- Directed by: Shailesh Shankar
- Screenplay by: Sumit Bonkar Rahul Yashod
- Produced by: Rohit Shetty Shailesh Sanghvi S3
- Starring: Manoj Joshi Bharat Chawda Pratik Gandhi Rita Bhaduri Ojas Rawal Jayesh More Hemang Dave Prasad Barve Ayush Jadeja Janki Bodiwala
- Edited by: Pankaj Hurne
- Music by: Shailes Dharmik Mehul (Sdm)
- Production company: AUROUS AVATAR ENTERTAINMENT
- Release date: 18 August 2017;
- Running time: 110 minutes
- Country: India
- Language: Gujarati

= Tamburo (film) =

Tamburo is an Indian Gujarati comedy film directed by Shailesh Shankar.
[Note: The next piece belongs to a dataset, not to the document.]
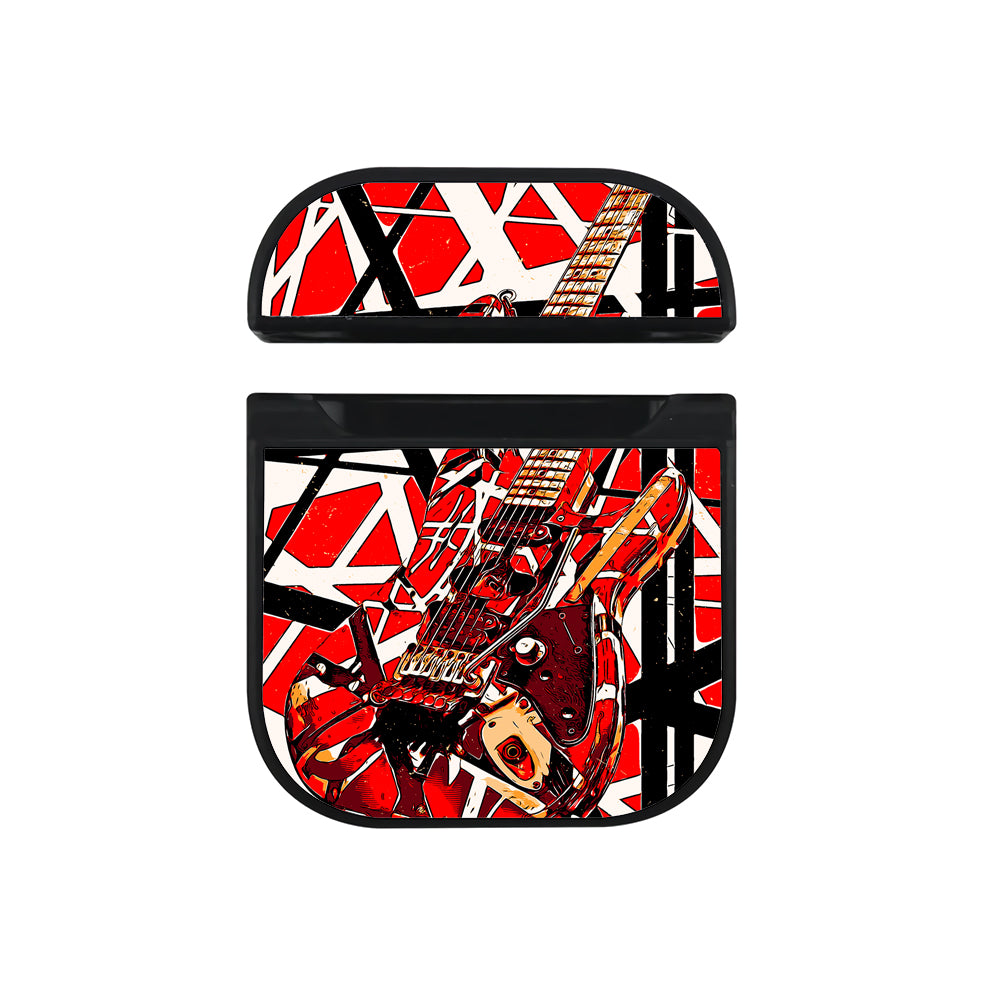 Eddie Van Halen Guitar Red Art Hard Plastic Case Cover For Apple Airpods-AirPod Case-Black-Altracase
It stars Bollywood veteran actor Manoj Joshi, and Pratik Gandhi, with Bharat Chawda.

== Plot ==
The plot revolves around three P’s – Paisa, Property & Pyaar. Hardik and Bhavik, friends for life are ambitious young men who dream of becoming wealthy quickly and effortlessly. In their quest for easy money, a twist of fate ensures that the duo find themselves embroiled in a situation that sets a chain reaction where the Mafia, the Police and the Gamblers are all on a hilarious chase after them.

==Cast==
- Manoj Joshi as Kirit Bhai
- Bharat Chawda as Hardik
- Pratik Gandhi as Bhavik
- Ojas Rawal as Sultan
- Jayesh More as Sanjay Hegde
- Hemang Dave as Kalpesh
- Prasad Barve as Chirag
- Ayush Jadeja as Manya
- Janki Bodiwala as Dimple
- Priiya Nair as Nidhi

==Track listing==
The Soundtrack was released by Red Ribbon Entertainment.
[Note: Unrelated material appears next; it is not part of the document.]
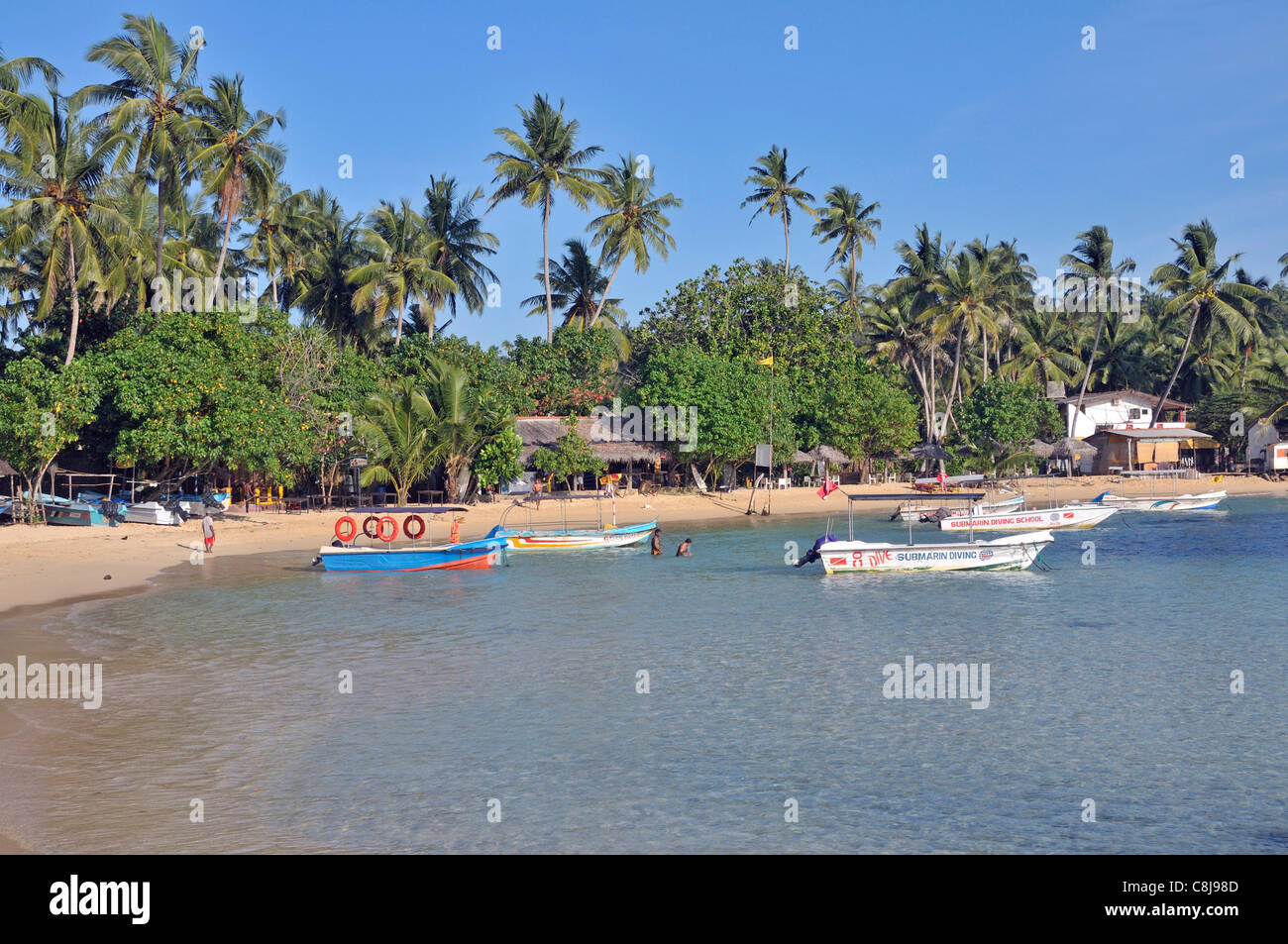 Asia, Ceylon, coast, seashore, sand beach, beach, seashore, South Asia, Unawatuna, Sri Lanka Stock Photo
| Track # | Song | Singer | Music | Length |
|---|---|---|---|---|
| 1 | Tamburo | Arvind Vegda | Shailesh Suvarna and Monty Khattar | 2:22 |
| 2 | Aa Che Party | Freedom Sharma and Mohit Pathak | Vishal J Singh and Shailesh Suvarna | 2:08 |
| 3 | No Control | Srishti Bhandari | Dharmik Samani | 2:50 |
| 4 | Unbreakable | Hariharan (singer) and Shannon Donald | Sameer Saptiskar | 4:01 |

==Release==
The film was released in Gujarat and Maharashtra on 18 August 2017.